::: Provided data

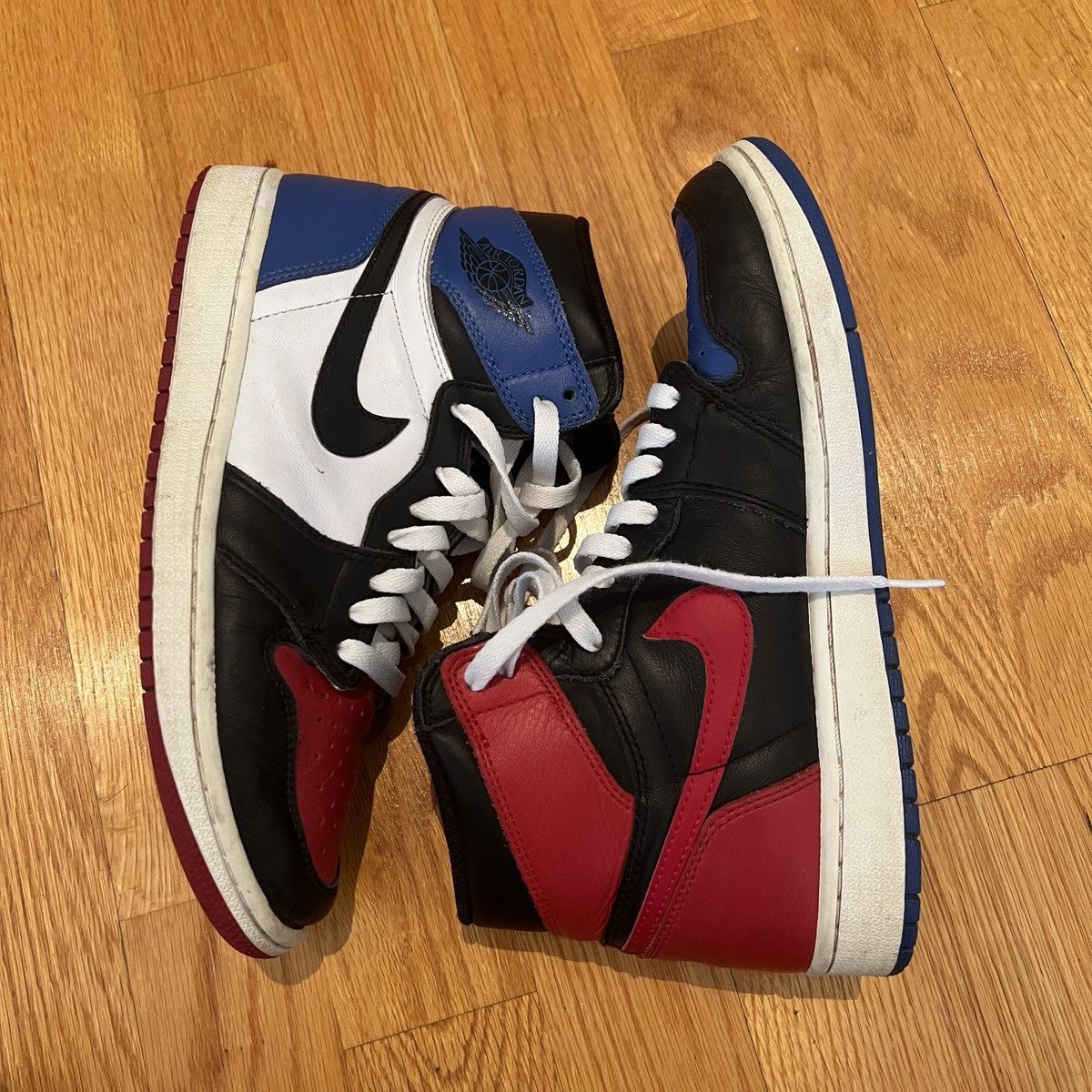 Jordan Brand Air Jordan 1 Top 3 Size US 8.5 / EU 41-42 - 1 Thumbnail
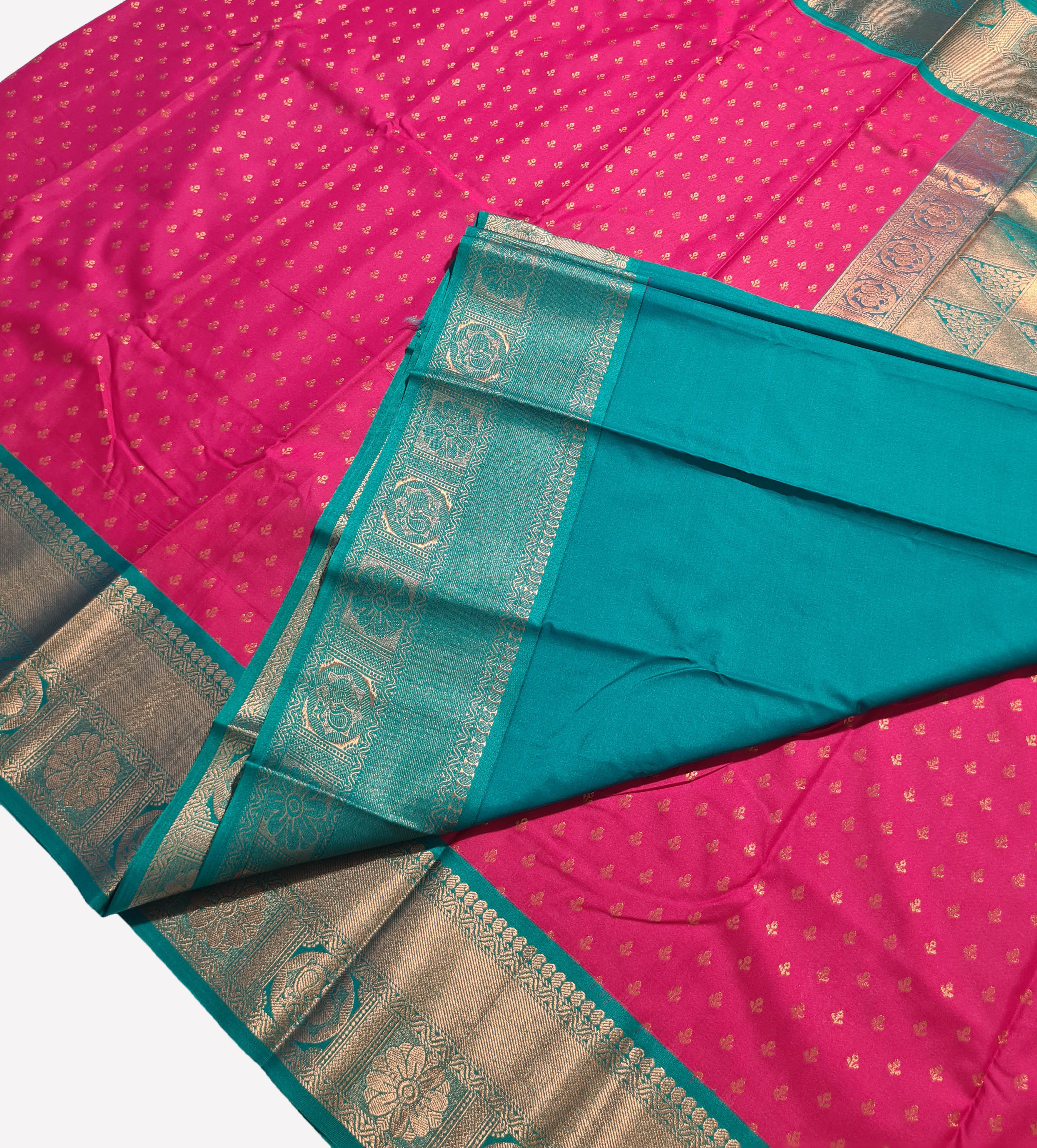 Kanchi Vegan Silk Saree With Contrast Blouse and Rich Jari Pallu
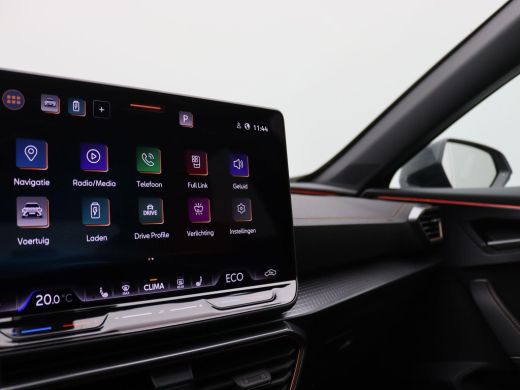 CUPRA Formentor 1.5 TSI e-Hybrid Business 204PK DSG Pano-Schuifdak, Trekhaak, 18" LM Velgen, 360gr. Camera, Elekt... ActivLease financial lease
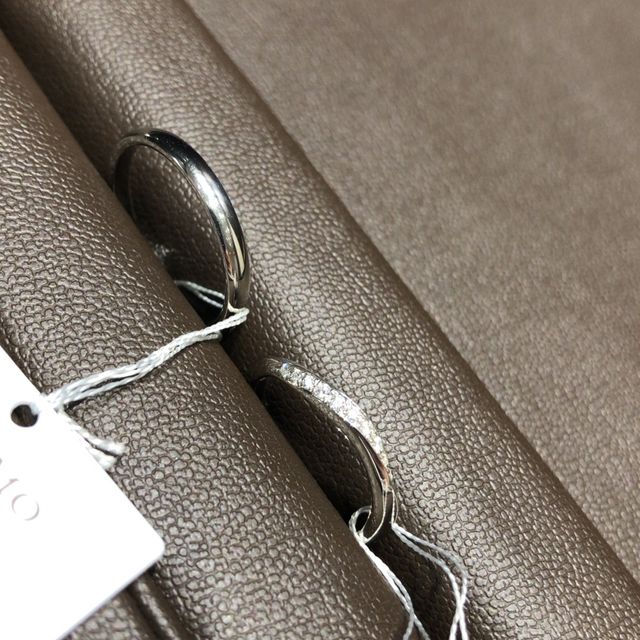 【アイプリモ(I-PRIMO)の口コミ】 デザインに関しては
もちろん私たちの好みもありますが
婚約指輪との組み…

::::::

Transcribe all of the data above exactly; no picture belongs in the copy.

 Jordan Brand Air Jordan 1 Top 3 Size US 8.5 / EU 41-42 - 1 Thumbnail
 Kanchi Vegan Silk Saree With Contrast Blouse and Rich Jari Pallu
 CUPRA Formentor 1.5 TSI e-Hybrid Business 204PK DSG Pano-Schuifdak, Trekhaak, 18" LM Velgen, 360gr. Camera, Elekt... ActivLease financial lease
 【アイプリモ(I-PRIMO)の口コミ】 デザインに関しては
もちろん私たちの好みもありますが
婚約指輪との組み…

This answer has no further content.